### [ACTIVITY]
Copy only the lines between the one containing "Image of Смарагд" and the end of the records, both included, leaving out pictures.
··· EXCERPTED DATA
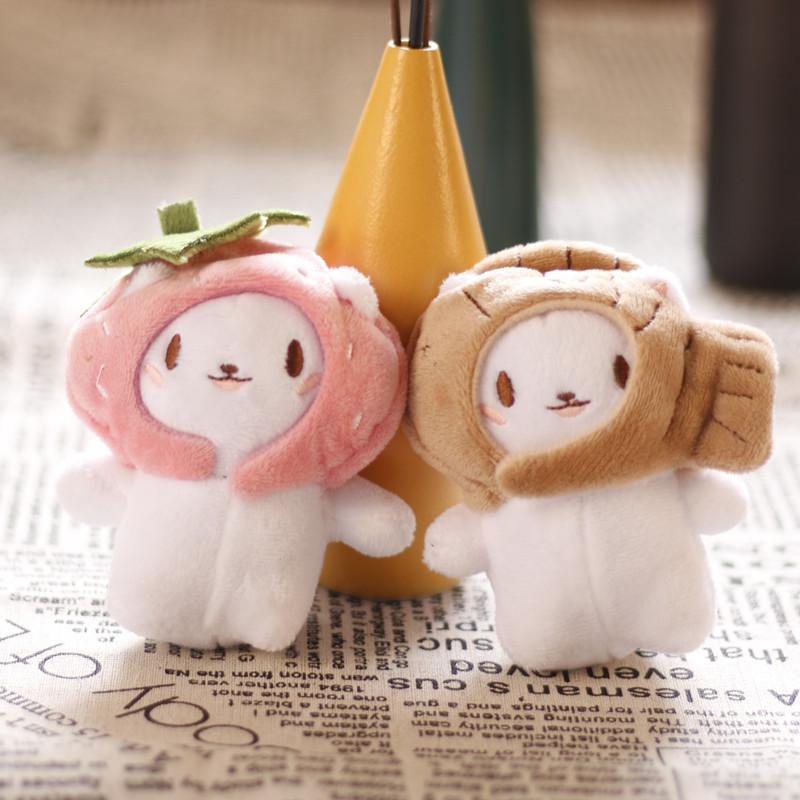 Doll Plush Cat Keychain Stuffed Toy With Pp Cotton Fill For Girl Bag Decor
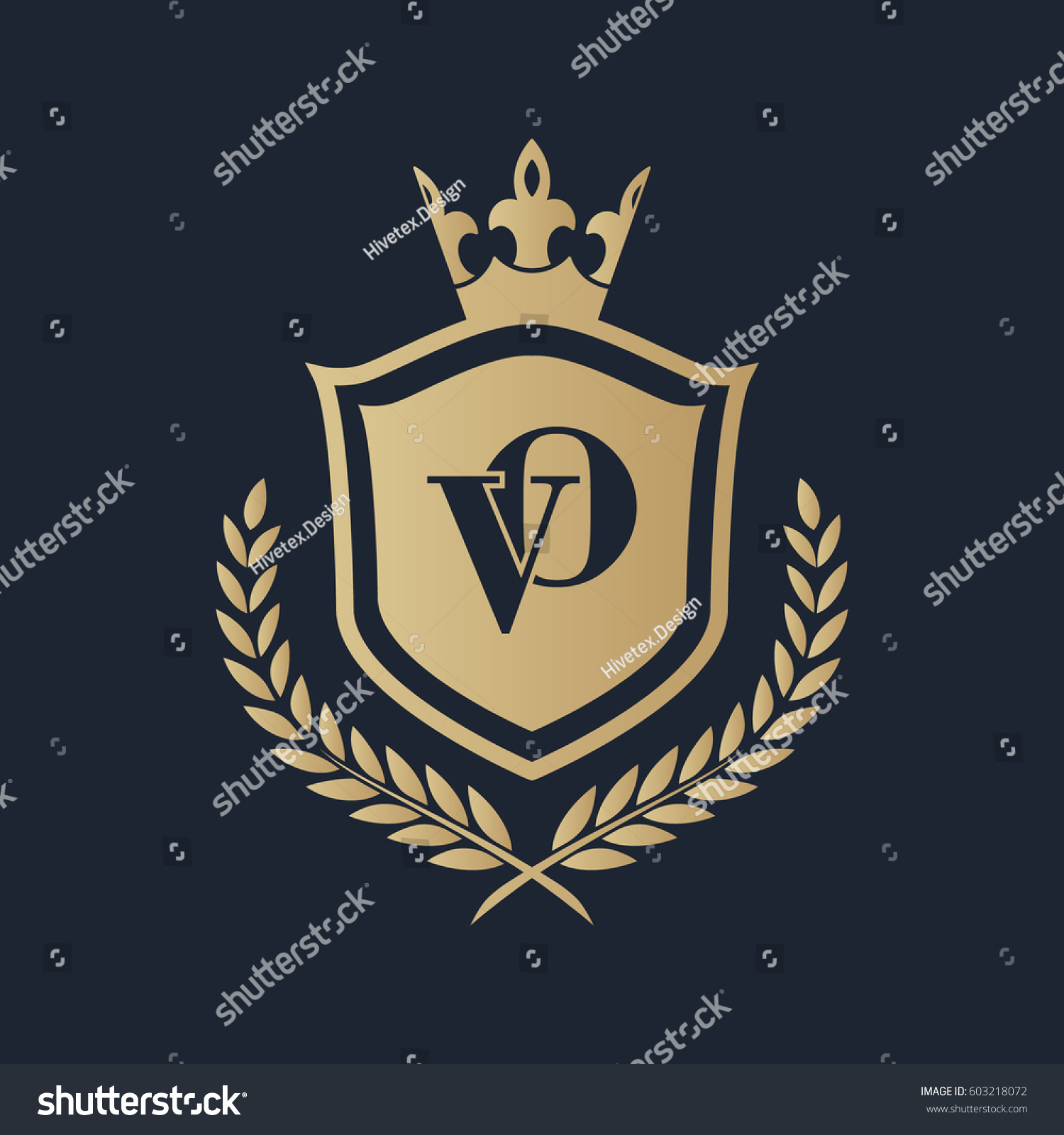 Vo Logo Stock Vector Royalty Free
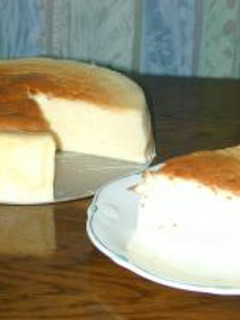 ふわふわのスフレチーズケーキ-レシピのメイン写真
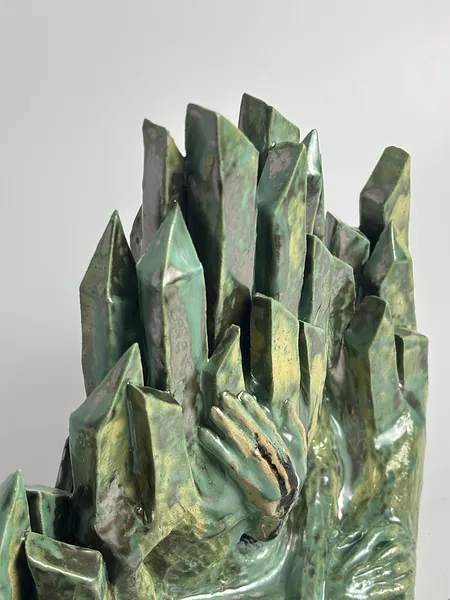 Image of Смарагд by VITALIY KRASUTSKIY, size: 33х27 см, Sculpture medium, part of the Series 1 series, priced at €800 Photo 9 of 10.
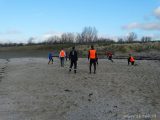 Strandtraining S.K.N.W.K. JO17-1 en JO17-2 van zaterdag 10 februari  2018 (89/163)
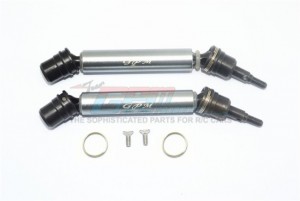 GPM MAG108FRS ALUMINIUM FRONT / REAR CVD DRIVE SHAFT ARRMA 1/10 GRANITE / SENTON 4X4 - GUN SILVER - MAG108FRS-GS
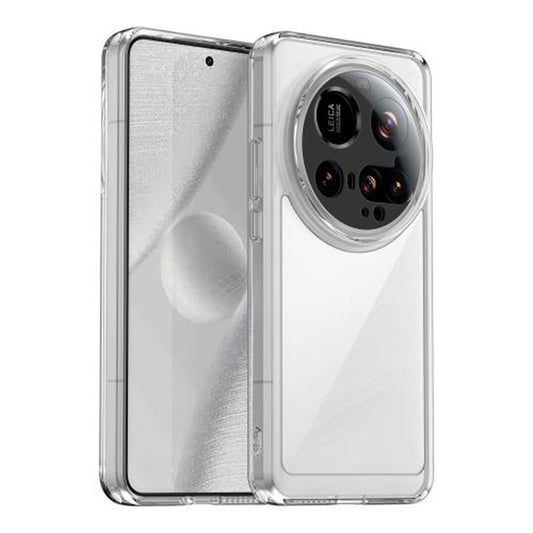 Minimalist Transparent Hard Case For Xiaomi 15 Ultra 5G with Silver Button Detailing & Camera Protection Edges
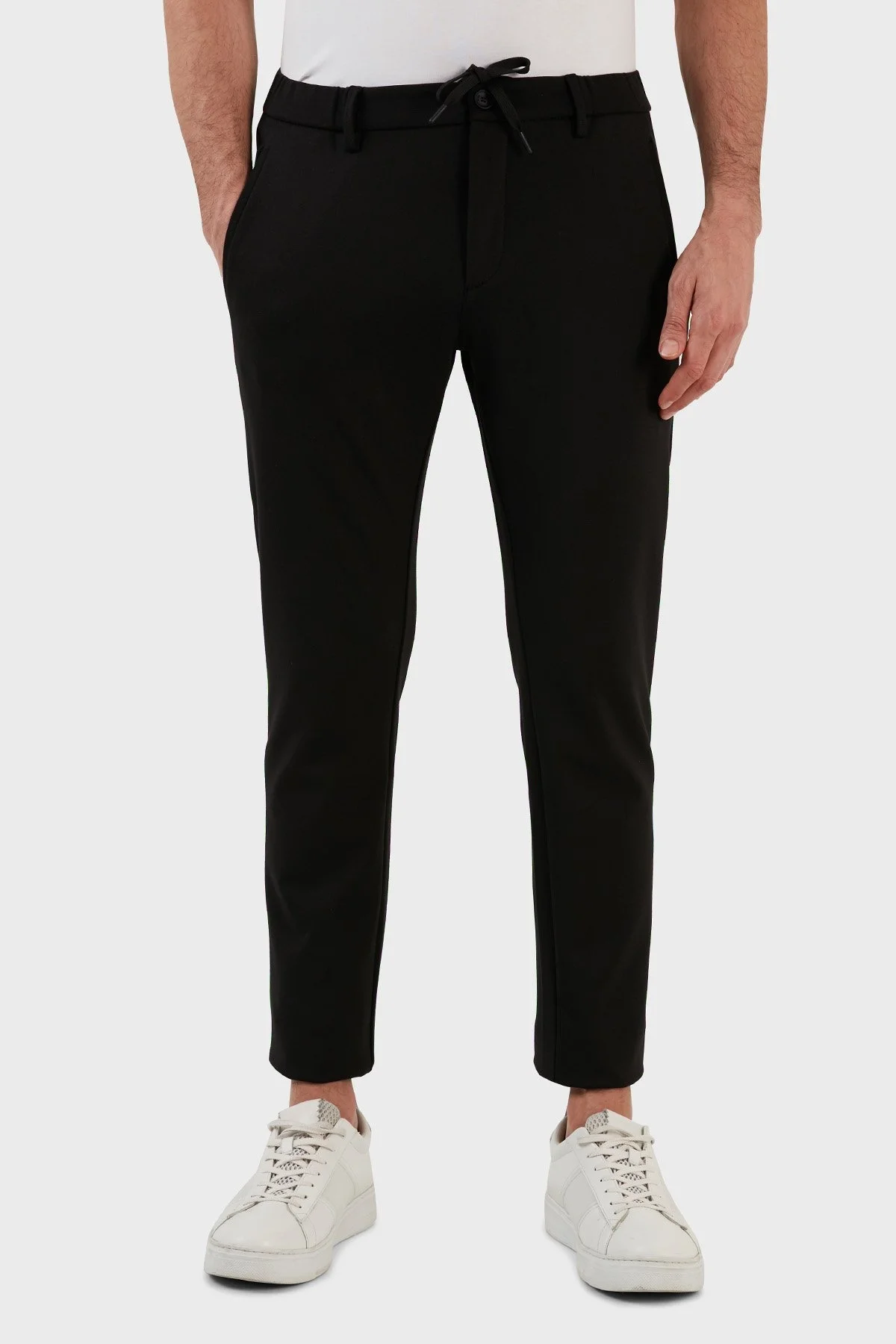 Boss Streç Jarse Normal Bel Slim Fit Chino Erkek Pantolon 50484040 001 SİYAH - 4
······
### [TASK ANSWER]
 Image of Смарагд by VITALIY KRASUTSKIY, size: 33х27 см, Sculpture medium, part of the Series 1 series, priced at €800 Photo 9 of 10.
 Strandtraining S.K.N.W.K. JO17-1 en JO17-2 van zaterdag 10 februari  2018 (89/163)
 GPM MAG108FRS ALUMINIUM FRONT / REAR CVD DRIVE SHAFT ARRMA 1/10 GRANITE / SENTON 4X4 - GUN SILVER - MAG108FRS-GS
 Minimalist Transparent Hard Case For Xiaomi 15 Ultra 5G with Silver Button Detailing & Camera Protection Edges
 Boss Streç Jarse Normal Bel Slim Fit Chino Erkek Pantolon 50484040 001 SİYAH - 4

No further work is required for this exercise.